Black History Month: Coon Chicken Inn
February is Black History Month. Throughout this month The Royal Gazette will feature people, events, places and institutions that have contributed to the shaping of African history
The Coon Chicken Inn was a fried chicken restaurant chain located in the Pacific Northwest from the late 1920s through the late 1940s. The chain was famous for its ubiquitous “Coon” logo, a caricatured African-American male rooted in 19th-century minstrel theatre and early 20th-century advertising. The most prominent manifestation of the Coon caricature was the 12ft high “Coon head” that served as the entrance to each restaurant location.
Maxon Lester Graham and his wife, Adelaide, founded the Coon Chicken Inn in Salt Lake City, Utah, in 1925. The early success of this location prompted the opening of two additional chains in Portland, Oregon, and Seattle, Washington, in the early 1930s. The patrons and employees of the Coon Chicken Inn chains were predominantly white, although African-Americans were hired to work in the kitchen of the Salt Lake City branch. Graham adopted the Coon caricature and created the “Coon head” as a gimmick to attract customers in the emerging age of roadside restaurants, novelty architecture and automobile convenience. Graham additionally promoted the chain through the distribution of postcards, newspaper advertisements, matchboxes, children's fans, spare tyre covers and delivery cars, all of which prominently featured the Coon Chicken Inn logo. The Coon logo saturated the restaurants' interiors as well. Plates, forks, menus and placemats featured the caricature, as did menu items such as the “Baby Coon Special” and the “Coon Fried Steak”.

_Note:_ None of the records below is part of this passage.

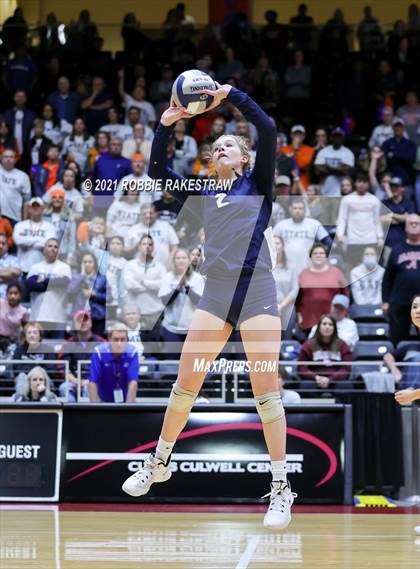 Thumbnail 3 in Brandeis vs. Keller (UIL Volleyball 6A Finals) photogallery.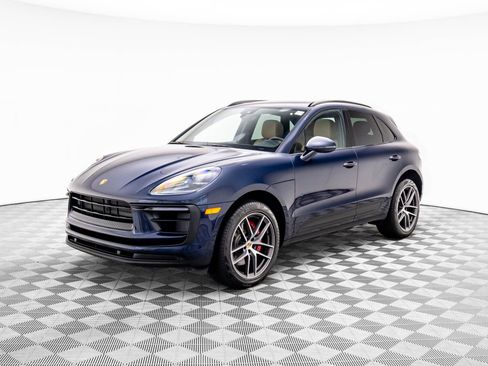 Certified 2022 Porsche Macan S image 1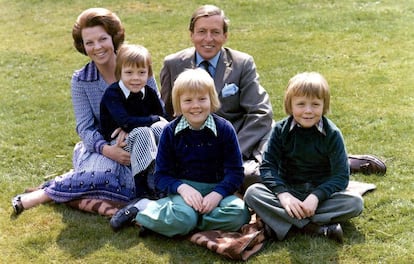 La reina Beatriz con su marido, el príncipe Claus, y sus tres hijos (de izquierda a derecha: Constantino, Guillermo y Friso), en una imagen de enero de 1980.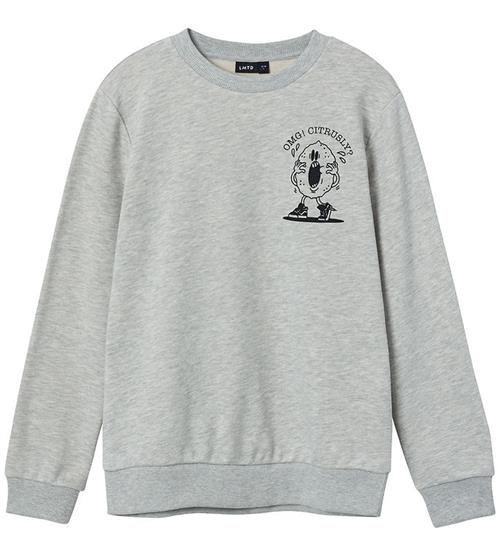 Se LMTD LMTD Sweatshirt - NlmTitrus - Light Grey Melange ved KidsWorld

African-Americans opposed this blatant display of racial hostility. In 1930, the Seattle branch of the National Association for the Advancement for Coloured People and Seattle's African-American newspaper, The Northwest Enterprise, protested the opening of the local Coon Chicken Inn by threatening Graham with a lawsuit for libel and defamation of race.
In response, Graham agreed to change the style of advertising by removing the word “Coon” from the restaurant's delivery car, repainting the “Coon head” entrance to the restaurant, and cancelling an order of 1,000 automobile tyre covers.
This small stride, however, was not enough to fully erase the image of the caricature from Seattle. Graham violated his agreement with the NAACP but managed to evade the lawsuit by changing the colour of the Coon logo from black to blue.
Graham closed the Seattle and Portland locations in 1949. The Coon Chicken Inn restaurant in Salt Lake City, however, remained open until 1957. It is remembered today in films such as Ghost World and The Confederate States of America; relics of the Coon Chicken Inn are generally regarded as black memorabilia collectables.
Sources: http://depts.washington.edu/civilr/coon_chicken.htm; http://www.ferris.edu/jimcrow/links/chicken/; Williams-Forson, Psyche A. Building Houses out of Chicken Legs: Black Women, Food, and Power (Chapel Hill: University of North Carolina Press, 2006)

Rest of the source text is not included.